3. Be an active youth
Young people (aged 15 to 35 years old) make up a third of the population in Cambodia. This is a large number of young, active people who can come up with new innovations and ideas to tackle many issues, including acts of sexual harassment. There’s a lot of different activities that you can do based on your resources, capacities and how much spare time you have.
Make! For example, you can create educational videos with your smartphone, or form a team with your friends to write and publish cartoons or blogs online via social media.
Speak out! If you see someone being harassed online, offer them support and tell them in the comments that you think sexual harassment is wrong. If it is safe to do so, you can engage with people in Facebook comments and teach them that sexual harassment is not okay - but never put yourself at risk by arguing with someone online. Instead of ignoring harassment at the workplace or on the bus/ in the street, ask the person if they are okay and offer to help them (don’t talk to the harasser).
Chat! You can discuss sexual harassment with your friends and family, and help to change atitudes in your own community to end sexual harassment and understand that it is a crime and a form of gender-based violence.
Volunteer! If you have time, you can reach out to an organisation working to end sexual harassment in Cambodia and ask how you can get involved in their work. If you’d like to get involved with Klahaan, you can reach out any time at email@example.com.
Instead of ignoring harassment at the workplace or on the bus/ in the street, ask the person if they are okay and offer to help them (don’t talk to the harasser).
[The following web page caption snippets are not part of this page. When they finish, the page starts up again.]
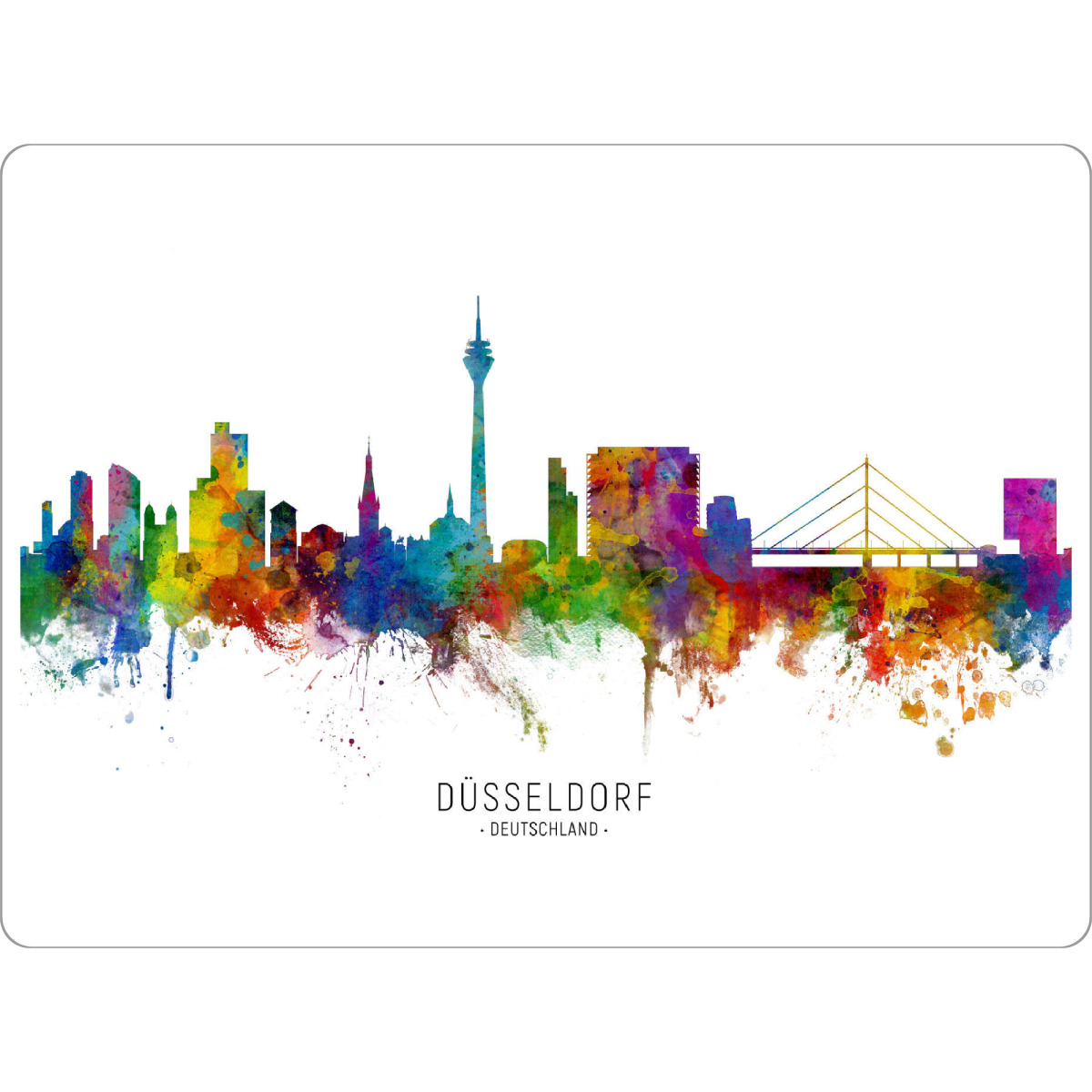 Tischset "Düsseldorf Germany Skyline txt" artboxONE - Städte / Düsseldorf - Düsseldorf,Deutschland,Skyline,Cityscape,Stadtbild,Watercolor,Painting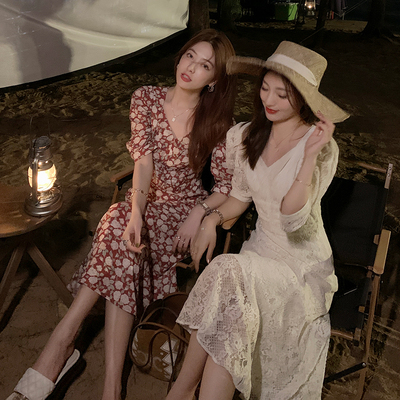 taobao agent Shiffon spring long skirt, lace dress, floral print, mid-length, V-neckline, puff sleeves
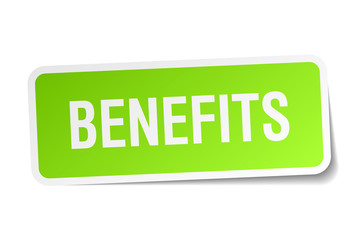 benefits green square sticker on white background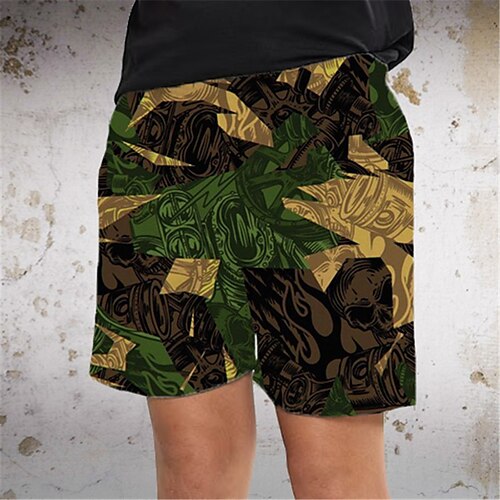 

kids boys camo shorts graphic active outdoor 3-12 años verano amarillo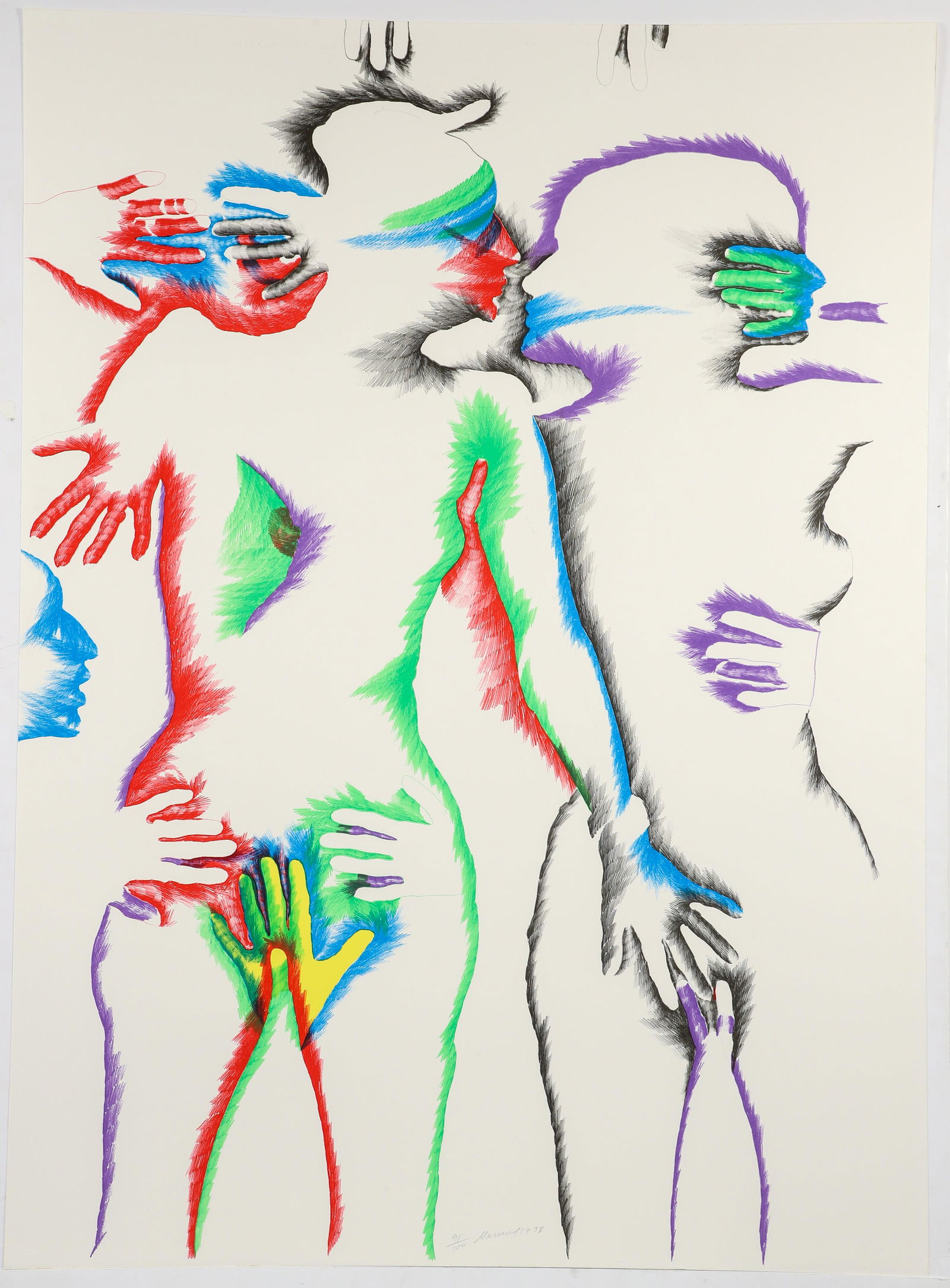 Marisol 1978 lithograph Untitled, No. 5 (1 of 3)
4. Believe and Support Survivors
Since Cambodian society puts so much pressure on women, through cultural beliefs and traditions, it is important that if someone shares an experience of sexual harassment or violence with you, that you are patient and supportive with them. A good set of principles is ‘Listen, support and help to report.’ Listen to the survivor, and reassure them that you believe their story and you think that what happened to them is wrong. Provide other forms of support that you can, such as giving them your contact so they can reach you if they need to talk to someone. Lastly, and only if the survivor wants this, you can help them to report the harassment to an employer or authorities such as teachers, professors, their parents or the police.
Together, we can create an environment where survivors of harassment feel supported, and those who commit sexual harassment no longer get away with it!